▶ **Work instructions**: Your answer must be an exact retyping of the line containing "Ống Hít Thông" and every line after it through the end of the records below, with no pictures and nothing else.

▶ **Input data**:
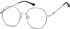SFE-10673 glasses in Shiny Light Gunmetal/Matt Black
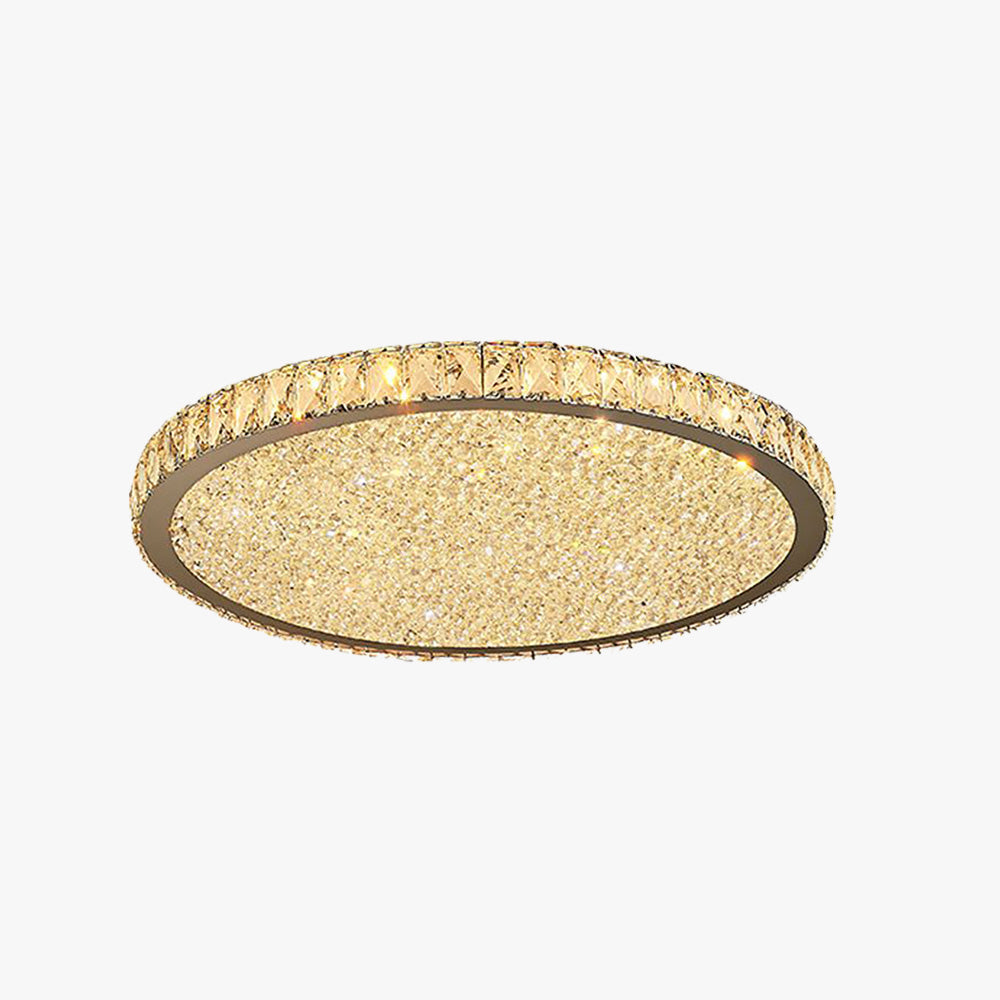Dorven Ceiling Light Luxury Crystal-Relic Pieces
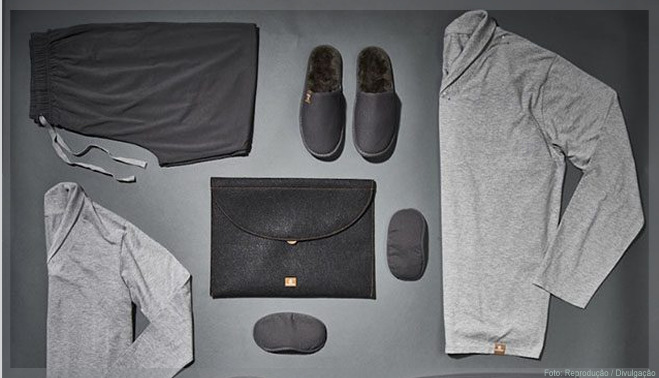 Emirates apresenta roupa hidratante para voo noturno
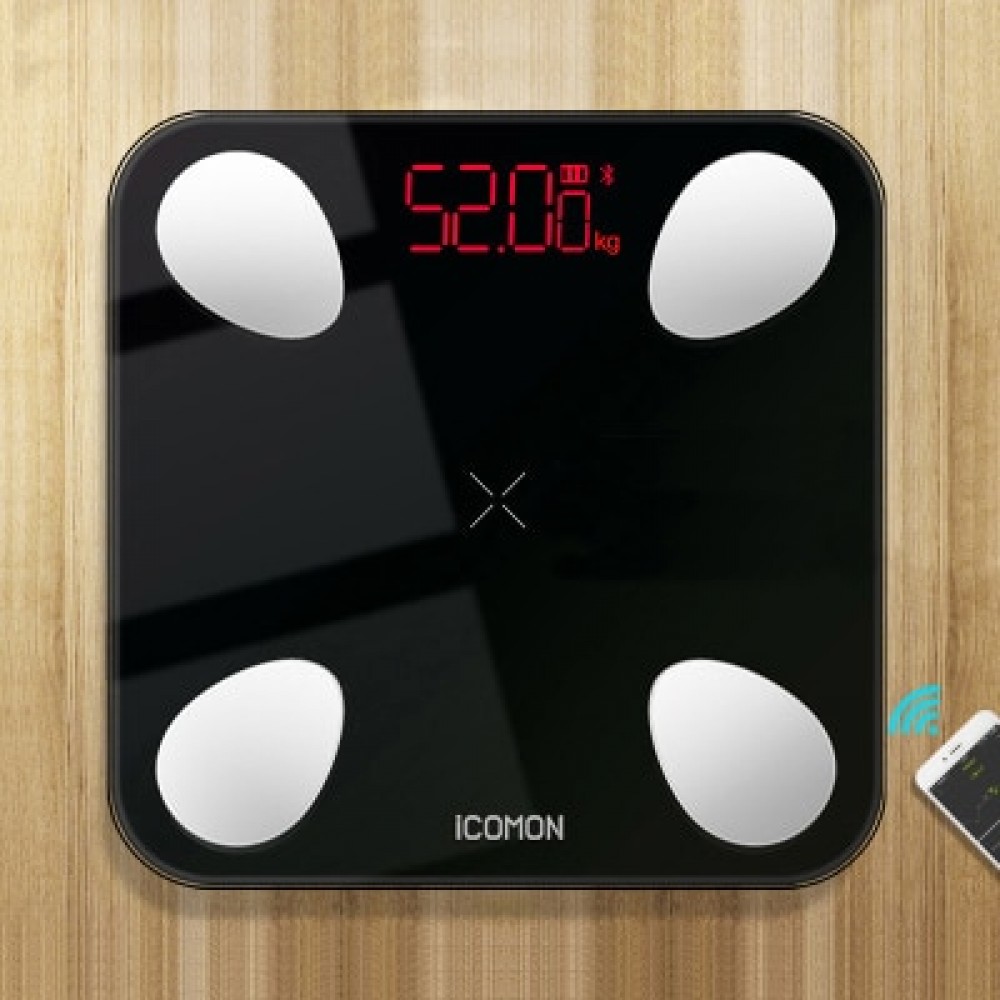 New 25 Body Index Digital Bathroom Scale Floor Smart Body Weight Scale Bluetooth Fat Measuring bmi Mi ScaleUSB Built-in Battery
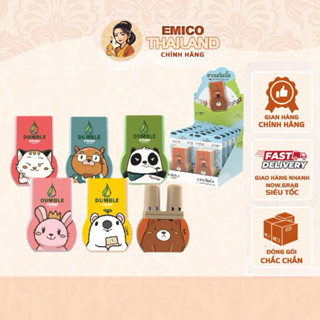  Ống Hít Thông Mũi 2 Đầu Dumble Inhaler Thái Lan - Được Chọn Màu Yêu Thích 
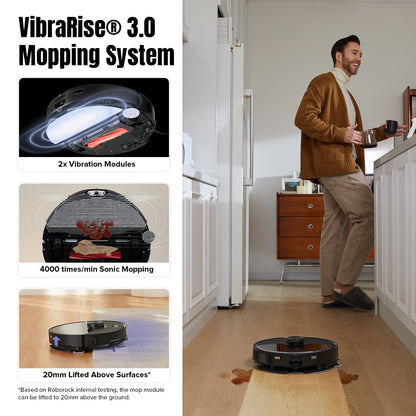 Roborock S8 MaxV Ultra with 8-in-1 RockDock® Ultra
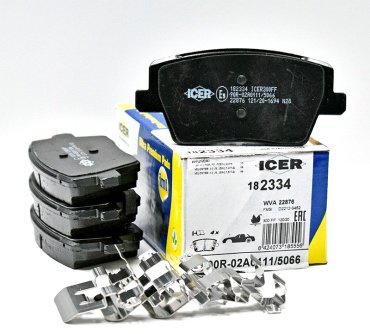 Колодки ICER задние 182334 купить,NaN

▶ **Written response**:
  Ống Hít Thông Mũi 2 Đầu Dumble Inhaler Thái Lan - Được Chọn Màu Yêu Thích 
 Roborock S8 MaxV Ultra with 8-in-1 RockDock® Ultra
 Колодки ICER задние 182334 купить,NaN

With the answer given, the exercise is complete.